Following Miss D’s offer being accepted and the memorandum of sale issued, her solicitor informed her that the tenure of the property was not freehold and was in fact a shared ownership leasehold property. Miss D subsequently withdrew from the transaction and alleged that the Agent had misdescribed the property as being freehold.
The property itself had been recently repossessed by the corporate seller client who had gained possession but, of course, had never lived there. The sale particulars were produced which stated that the tenure was “Freehold, Leasehold or Commonhold” and that “it is important that prospective purchasers seek confirmation from their solicitors regarding the tenure”. It was apparent that the Agent had not made any enquiries about the title and had not been aware that ownership of the property was shared between the seller and another company, until the seller informed them after sale had been agreed with Miss D. However, I observed that Agent was marketing a similar property on the same road which was described as ‘shared ownership’.

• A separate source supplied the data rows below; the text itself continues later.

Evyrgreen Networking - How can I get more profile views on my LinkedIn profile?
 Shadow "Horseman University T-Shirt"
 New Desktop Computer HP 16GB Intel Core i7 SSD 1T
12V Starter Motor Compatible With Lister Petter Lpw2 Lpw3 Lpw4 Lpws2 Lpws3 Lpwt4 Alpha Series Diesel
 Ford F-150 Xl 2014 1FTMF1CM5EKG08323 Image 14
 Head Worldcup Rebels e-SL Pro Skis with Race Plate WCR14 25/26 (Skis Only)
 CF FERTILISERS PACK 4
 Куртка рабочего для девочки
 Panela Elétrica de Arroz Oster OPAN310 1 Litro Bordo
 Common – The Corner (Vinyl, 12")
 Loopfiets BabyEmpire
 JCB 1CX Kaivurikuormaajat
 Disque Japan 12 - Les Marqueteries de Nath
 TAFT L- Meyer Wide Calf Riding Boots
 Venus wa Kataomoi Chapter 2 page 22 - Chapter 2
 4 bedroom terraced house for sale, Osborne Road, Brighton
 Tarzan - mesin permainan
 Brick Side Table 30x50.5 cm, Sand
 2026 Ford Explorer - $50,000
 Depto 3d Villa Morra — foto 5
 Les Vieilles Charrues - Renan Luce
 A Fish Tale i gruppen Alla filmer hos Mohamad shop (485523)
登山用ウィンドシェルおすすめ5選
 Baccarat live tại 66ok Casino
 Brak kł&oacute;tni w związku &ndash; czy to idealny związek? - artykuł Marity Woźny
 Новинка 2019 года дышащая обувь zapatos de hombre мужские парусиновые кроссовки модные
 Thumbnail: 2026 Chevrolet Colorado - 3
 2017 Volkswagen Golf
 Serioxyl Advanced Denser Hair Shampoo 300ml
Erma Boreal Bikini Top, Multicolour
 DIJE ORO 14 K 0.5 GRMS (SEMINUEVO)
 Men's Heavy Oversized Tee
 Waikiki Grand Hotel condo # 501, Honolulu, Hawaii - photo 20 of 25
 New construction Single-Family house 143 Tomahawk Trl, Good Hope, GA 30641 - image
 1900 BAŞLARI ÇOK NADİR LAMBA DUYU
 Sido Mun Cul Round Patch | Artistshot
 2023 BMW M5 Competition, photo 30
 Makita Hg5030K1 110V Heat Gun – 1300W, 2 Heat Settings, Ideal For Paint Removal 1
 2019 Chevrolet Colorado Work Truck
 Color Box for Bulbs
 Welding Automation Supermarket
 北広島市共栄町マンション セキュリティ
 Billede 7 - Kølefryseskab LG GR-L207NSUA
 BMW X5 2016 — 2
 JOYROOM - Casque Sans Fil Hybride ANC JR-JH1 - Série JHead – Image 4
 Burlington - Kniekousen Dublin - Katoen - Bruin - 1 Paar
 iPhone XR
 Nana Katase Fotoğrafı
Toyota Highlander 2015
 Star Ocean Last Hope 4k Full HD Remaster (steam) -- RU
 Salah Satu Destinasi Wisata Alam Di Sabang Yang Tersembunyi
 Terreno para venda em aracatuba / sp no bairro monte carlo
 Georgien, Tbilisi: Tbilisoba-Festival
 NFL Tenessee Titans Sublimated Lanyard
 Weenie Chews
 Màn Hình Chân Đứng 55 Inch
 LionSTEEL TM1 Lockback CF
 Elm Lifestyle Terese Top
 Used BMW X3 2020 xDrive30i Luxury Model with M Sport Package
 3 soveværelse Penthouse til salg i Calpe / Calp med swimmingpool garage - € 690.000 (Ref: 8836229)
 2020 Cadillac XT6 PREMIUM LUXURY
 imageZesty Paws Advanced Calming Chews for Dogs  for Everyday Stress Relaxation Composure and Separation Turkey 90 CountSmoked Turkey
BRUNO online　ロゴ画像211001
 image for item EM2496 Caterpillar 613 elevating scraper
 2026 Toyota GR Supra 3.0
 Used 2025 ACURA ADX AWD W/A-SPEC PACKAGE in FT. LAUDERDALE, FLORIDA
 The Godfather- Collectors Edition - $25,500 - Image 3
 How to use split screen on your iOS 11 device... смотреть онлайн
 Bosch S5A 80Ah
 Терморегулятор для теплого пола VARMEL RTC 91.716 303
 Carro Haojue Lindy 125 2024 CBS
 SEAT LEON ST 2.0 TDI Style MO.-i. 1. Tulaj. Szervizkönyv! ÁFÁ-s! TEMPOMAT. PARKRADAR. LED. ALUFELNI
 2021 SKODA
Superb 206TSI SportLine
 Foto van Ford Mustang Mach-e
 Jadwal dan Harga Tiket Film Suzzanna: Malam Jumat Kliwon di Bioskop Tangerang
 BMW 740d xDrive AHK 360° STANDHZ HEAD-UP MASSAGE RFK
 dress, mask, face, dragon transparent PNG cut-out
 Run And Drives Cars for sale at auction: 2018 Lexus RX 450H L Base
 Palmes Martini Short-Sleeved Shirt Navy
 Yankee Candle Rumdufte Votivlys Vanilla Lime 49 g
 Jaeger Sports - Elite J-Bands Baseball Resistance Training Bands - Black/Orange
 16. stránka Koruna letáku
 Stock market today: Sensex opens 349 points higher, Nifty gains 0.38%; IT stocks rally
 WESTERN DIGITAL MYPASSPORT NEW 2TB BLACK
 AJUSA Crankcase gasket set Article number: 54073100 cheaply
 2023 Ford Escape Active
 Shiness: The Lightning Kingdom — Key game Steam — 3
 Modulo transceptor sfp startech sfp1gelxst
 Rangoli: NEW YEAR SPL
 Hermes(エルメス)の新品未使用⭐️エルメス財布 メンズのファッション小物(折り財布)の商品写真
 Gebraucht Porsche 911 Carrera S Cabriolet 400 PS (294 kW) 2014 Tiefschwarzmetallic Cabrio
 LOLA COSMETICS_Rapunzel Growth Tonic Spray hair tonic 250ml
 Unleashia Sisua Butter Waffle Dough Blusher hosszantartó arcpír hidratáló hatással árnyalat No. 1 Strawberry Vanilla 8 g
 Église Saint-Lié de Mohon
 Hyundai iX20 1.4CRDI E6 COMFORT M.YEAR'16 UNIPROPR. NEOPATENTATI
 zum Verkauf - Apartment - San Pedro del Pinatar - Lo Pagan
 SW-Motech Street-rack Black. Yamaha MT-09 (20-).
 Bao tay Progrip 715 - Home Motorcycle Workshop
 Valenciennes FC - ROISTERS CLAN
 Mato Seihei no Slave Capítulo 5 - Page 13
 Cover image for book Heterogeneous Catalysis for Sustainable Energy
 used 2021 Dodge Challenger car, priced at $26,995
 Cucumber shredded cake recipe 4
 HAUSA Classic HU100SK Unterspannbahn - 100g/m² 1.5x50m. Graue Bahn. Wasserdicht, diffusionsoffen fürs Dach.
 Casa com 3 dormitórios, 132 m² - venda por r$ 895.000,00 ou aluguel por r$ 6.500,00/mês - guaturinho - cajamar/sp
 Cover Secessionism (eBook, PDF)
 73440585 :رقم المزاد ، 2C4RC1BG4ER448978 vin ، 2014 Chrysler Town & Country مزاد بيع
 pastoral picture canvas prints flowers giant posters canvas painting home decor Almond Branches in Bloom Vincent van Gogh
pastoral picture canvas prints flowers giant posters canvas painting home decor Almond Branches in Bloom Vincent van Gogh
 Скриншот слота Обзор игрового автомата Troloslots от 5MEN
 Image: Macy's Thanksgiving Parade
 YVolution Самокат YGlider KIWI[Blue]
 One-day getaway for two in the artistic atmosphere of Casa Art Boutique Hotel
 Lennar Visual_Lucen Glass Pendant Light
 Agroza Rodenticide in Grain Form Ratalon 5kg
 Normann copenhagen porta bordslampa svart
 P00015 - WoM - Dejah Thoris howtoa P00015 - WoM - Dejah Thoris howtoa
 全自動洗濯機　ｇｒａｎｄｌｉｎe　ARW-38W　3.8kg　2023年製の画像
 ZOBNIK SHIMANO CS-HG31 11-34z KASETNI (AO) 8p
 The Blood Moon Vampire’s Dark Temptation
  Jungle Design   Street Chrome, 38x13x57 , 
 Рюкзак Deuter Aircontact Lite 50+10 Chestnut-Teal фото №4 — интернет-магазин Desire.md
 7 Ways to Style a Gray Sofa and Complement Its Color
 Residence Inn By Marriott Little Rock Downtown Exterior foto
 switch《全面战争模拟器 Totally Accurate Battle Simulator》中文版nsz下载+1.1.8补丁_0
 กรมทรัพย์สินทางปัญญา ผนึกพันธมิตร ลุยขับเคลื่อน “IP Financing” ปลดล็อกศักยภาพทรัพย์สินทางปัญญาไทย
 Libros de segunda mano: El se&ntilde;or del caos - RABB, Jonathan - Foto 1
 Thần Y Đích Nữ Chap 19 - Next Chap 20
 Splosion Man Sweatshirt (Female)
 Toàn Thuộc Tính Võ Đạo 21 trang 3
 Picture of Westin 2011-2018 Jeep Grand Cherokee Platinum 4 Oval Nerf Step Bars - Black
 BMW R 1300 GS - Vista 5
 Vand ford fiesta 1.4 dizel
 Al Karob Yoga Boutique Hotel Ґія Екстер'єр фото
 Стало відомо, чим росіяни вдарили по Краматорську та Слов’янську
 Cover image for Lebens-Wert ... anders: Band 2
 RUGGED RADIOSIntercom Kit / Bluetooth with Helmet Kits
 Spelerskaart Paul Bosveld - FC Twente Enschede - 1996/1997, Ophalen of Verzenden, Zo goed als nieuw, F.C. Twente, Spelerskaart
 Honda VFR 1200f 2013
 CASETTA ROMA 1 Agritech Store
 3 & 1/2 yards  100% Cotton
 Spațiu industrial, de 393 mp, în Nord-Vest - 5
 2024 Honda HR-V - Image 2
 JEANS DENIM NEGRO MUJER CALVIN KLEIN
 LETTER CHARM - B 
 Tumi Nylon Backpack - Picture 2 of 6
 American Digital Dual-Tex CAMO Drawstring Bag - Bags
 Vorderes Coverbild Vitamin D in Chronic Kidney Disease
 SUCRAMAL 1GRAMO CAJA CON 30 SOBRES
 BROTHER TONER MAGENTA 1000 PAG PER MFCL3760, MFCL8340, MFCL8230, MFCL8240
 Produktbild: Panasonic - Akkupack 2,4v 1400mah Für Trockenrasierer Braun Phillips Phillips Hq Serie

Under the CPRs the Agent was required to provide Miss D with material information that she needed to make an informed transactional decision about the property. Accordingly, I would have expected the Agent to have made some enquiries about the title before marketing the property. The fact that it was a repossession property and that the Agent was marketing an almost identical property on the same road that was advertised as shared ownership, should have prompted them to make more enquiries about the title. In addition, I considered that the Agent’s obligation to check the property’s title was stronger, given that the seller was likely to know less information than the average seller-occupant, as they had never lived there. To that end I considered that the Agent had mis-described the property and supported the complaint. In making an award, I took into account that the tenure of the property is something that I would have expected to have been investigated by Miss D’s solicitor in any event. I also took into account that, as soon as the Agent discovered the issue with title, they immediately informed Miss D and tried to resolve the situation. I made an award of £200 for avoidable distress, aggravation and inconvenience.
It is not acceptable to use statements or disclaimers intended to encompass all possibilities when information is known that should put an agent on notice that such a statement may be inappropriate, especially given the requirement for material information to be divulged under the CPRs.